Monday, January 31, 2005

Wackiest of What's New

We see so many interesting, useful and creative gadgets that sometimes it's refreshing to see something that's just complete bunk. We were blessed with the arrival of two such products this year from Japanese toymaker Takara, both variations on a theme--the Bow-Lingual, which promises to translate your dog's woofs into words, and the Meow-Lingual, which does the same for cats. True breakthroughs in these areas would have been a worldwide sensation, of course, sparking furious debate and ushering in a new speaking class of domestic animals. These products did no such thing. Indeed, Sophia Yin, a canine vocal communication researcher who tested the Bow-Lingual by feeding it recorded barks, found that it translated the same set of woofs differently at different times. Alan Beck, director of the Center for the Human-Animal Bond at Purdue University, also dismissed the device as a "silly toy," pointing out that dogs communicate more through body language than vocalization. He also noted that cats are even more complex and rely heavily on olfactory signals. Authenticity notwithstanding, 300,000 Bow-Linguals have been sold in Japan, at approximately $120 apiece. Those who'd like to waste even more money on dubious translators will also want to check out last year's WhyCry baby interpreter.

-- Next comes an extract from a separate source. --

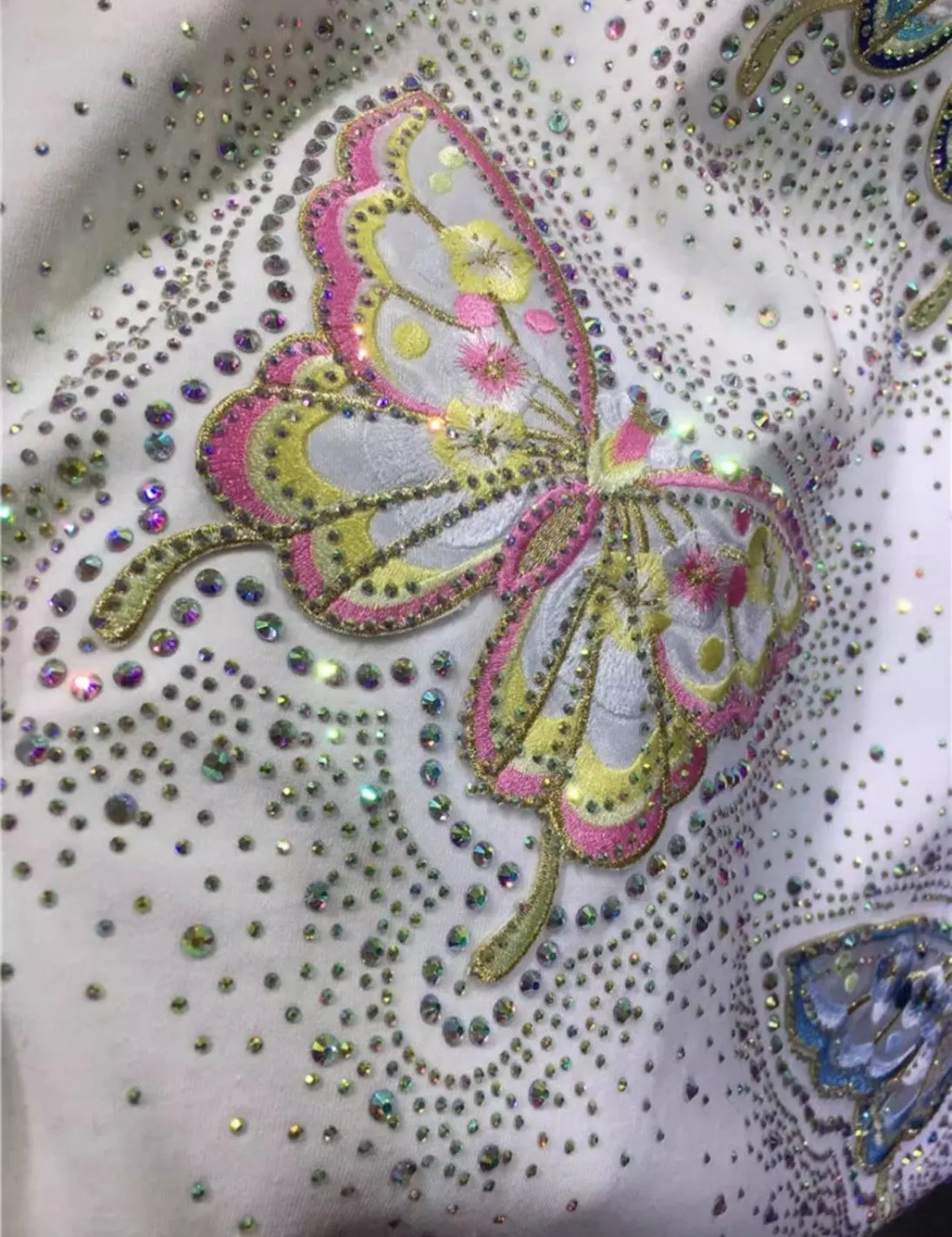 Camiseta para mujer con mariposas y brillantes diamantes de imitación, bordado colorido en tallas grandes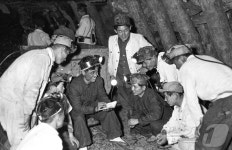 북한, 천리마시대 집단주의 기풍 선전…애국심 강조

I new someday that a product like this would come and hopefully work. If it does not, than I feel sorry for all those people wasting hard earned money on a toy. on the other hand if it was proven to translate dog and cat sounds, then I'll be quick to buy, I'd like to know what my dog is saying when he gets yelled at.

Tuesday, January 18, 2005

VisionCare Implantable Miniature Telescope

Here's a blinding statistic: 1.6 million Americans age 50 and older have significant sight loss from age-related macular degeneration (AMD). AMD causes the center of the retina to deteriorate, producing a dark spot in the middle of the victim's visual field. Until now there has been no effective treatment for those with "dry" AMD (the most common form). But the world's first telescope implant, a 45-milligram wonder from VisionCare, replaces the eye's lens, magnifying the central portion of vision so it projects across a larger area of the retina. After the brain and eye adjust to the change, the blind spot shrinks and central vision is markedly improved (at a slight expense to peripheral vision). The telescope is in the final stages of clinical testing.


I think that it is creepy to have a telescope in your eye. As long as it's helping poeple, it does sound like a pretty good idea.




Friday, January 14, 2005

There

For years, science fiction writers have tempted us with tales of lands that exist only in cyberspace, where you can create a spanking new virtual version of yourself and pursue an alternate existence. After five years of development, There Inc. has opened the virtual doors to such a world, and it makes online chat rooms seem as old as Grandma's Victrola.


Im a big fan of The Sims, which is a computer game where you become someone else and live their life how you want. There, I think is a similar idea but more advanced and probably more realstic feeling when you're there. The price isn't too bad either. Just $20 to regestar and $5 a month. The only bad result of this is that we'll possibly be seeing less people actually socializing in the "outside" world.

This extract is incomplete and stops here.